Example B is a daily chart of a popular cross pair: the Euro against the Australian Dollar.
This pair has been fluctuating from two areas of support and resistance in this time frame at 1.5955 and its current position at 1.6577 since May 2019. The rather sharp uplift in this pair over the last two days from the 1.6227 level, confirms general weakness in the Australian Dollar. Again this is an area where we would predict stop losses to be triggered should it move above the 1.66 key level. In the short term, we believe that traders will recognize this is a major level of resistance and where we might expect a pullback in the short term. And whereby Fibonacci technical analysis may help to determine if the pair will continue moving higher. Remember that the euro area has its own problems in terms of growth slow down, which may curtail this move much higher.

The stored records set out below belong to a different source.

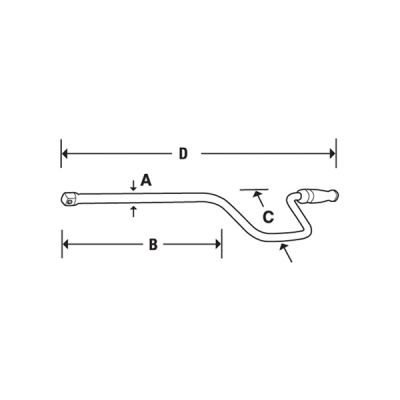 Snap-on รุ่น F4LB ด้ามขันยาว 3/8" ใช้สำหรับ "คลายน็อตที่แน่นจัด" เป็นจังหวะแรก ก่อนที่จะเอาด้ามฟรี FR80 มาหมุนต่อ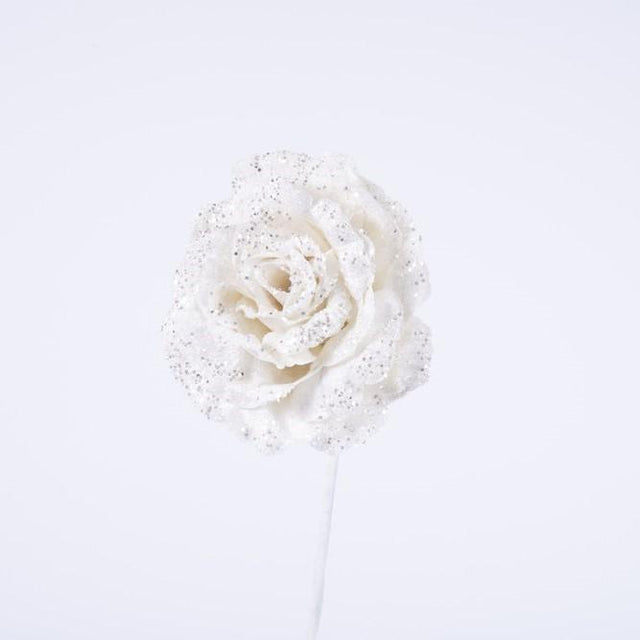 Ramo Rosa Aperta 61CM Senza Foglie in Velluto Bianco con Glitter Fiori Natalizi Garden Team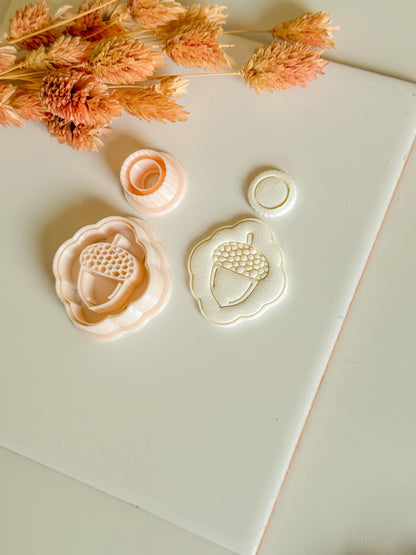 Acorn Charm Polymer Clay Cutter Set: Fall Earring Base + Topper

In example C, we get even further clarification of a general weakness in the Australian Dollar with a daily chart of the Australian Dollar against the Japanese yen. After rejecting the resistance line at position A around the 76.50 level, traders failed to reach it again again at position B, and where we have seen an acceleration to the downside. Traders will now be targeting the support line at around 71.80 level, and if
this is breached, stops will be triggered and price action will drive the pair lower to their next target which is around the 70:50 level. The hypothesis is based again on the weakening Australian Dollar and the fact that the market is buying Yen as a safe haven currency, and therefore the emphasis and sentiment is that this pair is due to declining further.